Father: Pierre Eyquem (1495-1568)
Mother: Antoinette López de Villanueva
Wife: Françoise de la Chassaigne (m. 1565)
Daughter: Léonore
Date of Birth: 28 February 1533
Birth Place: Château de Montaigne, France
Date of Death: 13 September 1592
Death Place: Château de Montaigne, France
Cause of Death: Unspecified
Remains: Buried, Église de Foeuillens, Bordeaux, France
Religion: Roman Catholic
Race or Ethnicity: White
Education: College of Guienne
Occupation: Philosopher, Scholar, Journalist, Essayist
Region: Western Philosophy
Notable Ideas: The essay, Montaigne's wheel argument
Influenced By: Horace, Heraclitus, Sextus Empiricus, Seneca, Plutarch, Cato
Major Writings: Essais (1580, essays), An Apology for Raymond Sebond, The essays of Michel de Montaigne, The essayes of Michael Lord of Montaigne, The Complete Works, On Friendship (1915), Montaigne, Selected Essays / Essais choisis etc.
The French philosopher, scholar, journalist and author Michel Eyquem de
Montaigne (28 February 1533 – 13 September 1592) is known for
popularizing the essay as a literary genre, in which he used
self-portrayal as a mirror of humanity in general and commonly thought
of as the father of modern skepticism. Montaigne writing influenced
directly on writers all over the world, including René Descartes, Immanuel Kant, Blaise Pascal, Jean-Jacques Rousseau, William Hazlitt, Ralph Waldo Emerson, Francis Bacon, Friedrich Nietzsche, Stefan Zweig, Eric Hoffer, Isaac Asimov and possibly on the later works of William Shakespeare.

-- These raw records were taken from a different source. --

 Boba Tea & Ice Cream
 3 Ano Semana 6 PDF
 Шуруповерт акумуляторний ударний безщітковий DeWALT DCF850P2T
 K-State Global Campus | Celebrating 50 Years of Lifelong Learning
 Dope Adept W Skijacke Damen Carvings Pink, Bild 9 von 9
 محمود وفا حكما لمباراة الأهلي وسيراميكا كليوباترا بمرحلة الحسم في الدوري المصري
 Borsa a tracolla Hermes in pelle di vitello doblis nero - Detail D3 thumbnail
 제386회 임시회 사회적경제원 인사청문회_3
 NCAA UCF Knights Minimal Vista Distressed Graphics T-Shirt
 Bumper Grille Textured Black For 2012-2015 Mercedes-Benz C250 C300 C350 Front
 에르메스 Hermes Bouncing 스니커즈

Early Life & Childhood: Michel Eyquem de Montaigne was born on 28 February 1533 in Château de
Montaigne, not far from Bordeaux, France. His family was very rich. His
father, Pierre Eyquem (1495-1568) was a French Roman Catholic soldier in
Italy as well as the mayor of Bordeaux. His mother, Antoinette López de
Villanueva was a convert to Protestantism. Montaigne’s intellectual
education was assigned to a German teacher. His father conjointly
appointed servants who might speak Latin fluently and conjointly gave
serious directions to any or all of them to talk to the boy solely in
Latin. A similar directions were totally directed at every person whom
typically interacted having with him. At six years old Montaigne was
sent to the collège de Guienne at Bordeaux, to study under the guidance
of the greatest Latin scholar of that time, George Buchanan. In the school,
he learned the entire curriculum by the end of his 13th year. Then he
studied law in Toulouse and began a career in the local legal system.
Personal Life: By pressured of his family, Michel de Montaigne married Françoise de la
Chassaigne, daughter of a member of the Bordeaux parlement in 1565. The
couple had six daughters, but only the second-born daughter, Léonore who
survived childhood.
Later Life & Death: In 1557, Michel de Montaigne was a counselor of the Court des Aides of
Périgueux and then was appointed counselor of the Parlement in Bordeaux.
From 1561 to 1563, he was a courtier at the court of Charles IX. He was
awarded the highest honour of the French nobility, the collar of the
order of St. Michael. In 1568, his father died and his translation work
of the Catalan monk Raymond Sebond's Theologia naturalis got
published. In 1570, he came back to his birthplace in Château de Montaigne
after inheriting the family's estate. He became the Lord of Montaigne.
In 1571, he retired from public life to the Tower of the Château. In
1578, Montaigne contracted kidney stones. In 1580, he published first
volume of Essais. From 1580 to 1581, Montaigne travelled to France, Germany, Austria, Switzerland and Italy. He finished the third volume of Essais in 1588. Michel Eyquem de Montaigne died 13 September 1592 and was buried at Église de Foeuillens in Bordeaux, France.